One conventional method of dealing with peak shift is to administer prewrite compensation when writing a data pattern. This means each flux transition written is moved a short interval of time (early or late) so that the peak shift is minimized or at least lessened in most cases. The problem with this approach is that only one value of prewrite compensation is used even though a range of peak shift values is generally significant with respect to any single value of delay.
The present invention is designed to address this unresolved problem by adaptively compensating for peak shift. Adaptivity is achieved by determining the actual peak shifts promulgated by a given disk drive assembly under certain parameters. The parameters adaptively covered by the present invention are: (1) the head/media pair to be used for writing; (2) the writing site on the disk; and (3) the data pattern to be written.
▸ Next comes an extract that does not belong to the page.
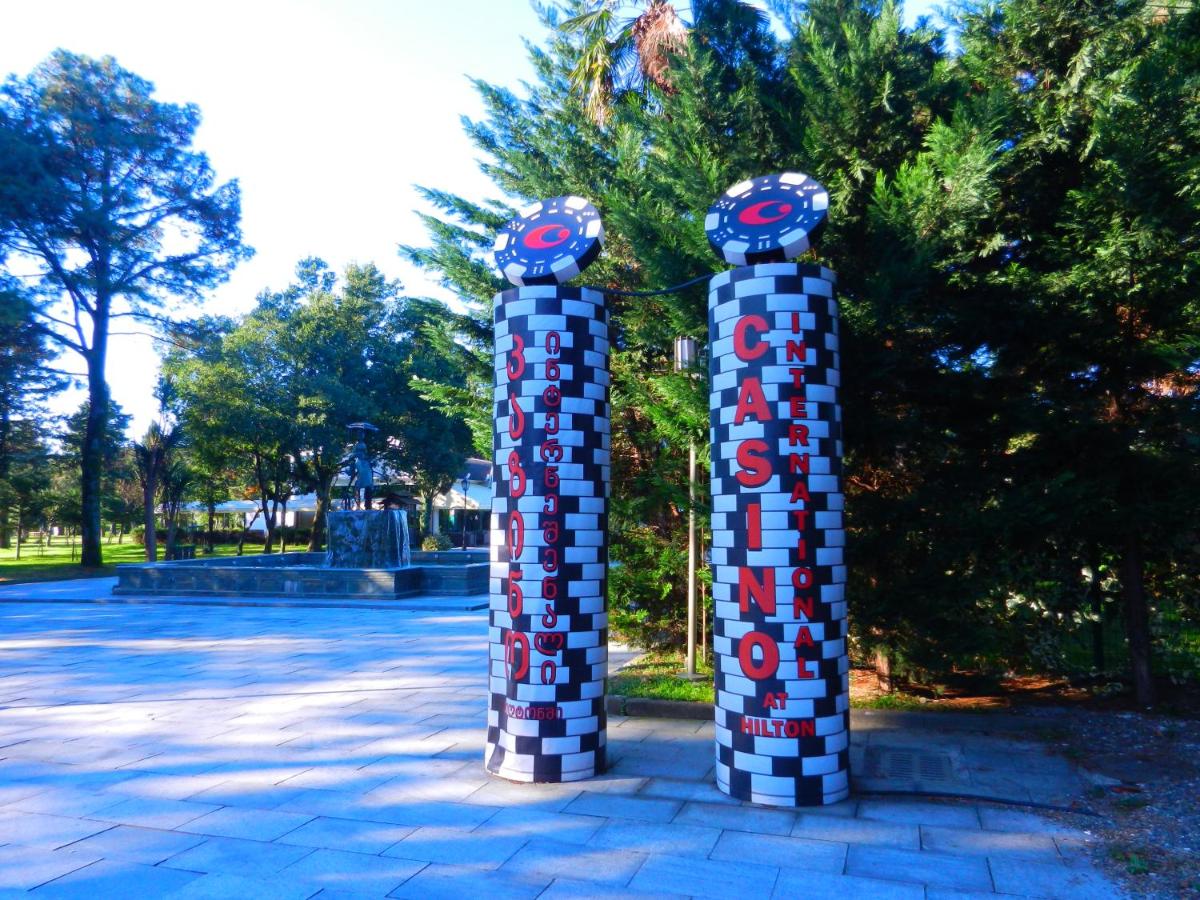 children's play area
Of interest is Horie et al., U.S. Pat. No. 4,633,336 which uses prewrite compensation based on the above-mentioned parameters but only in a limited sense. The Horie system determines whether prewrite compensation is appropriate based on the parameters and then simply generates a set value of compensation for each parameter, if appropriate. In contradistinction, the present invention does not use a set value for each parameter but rather a value based on the specific combination of parameters used so that the values generated by the present invention are more variable than the values used by Horie and are applied with much more flexibility.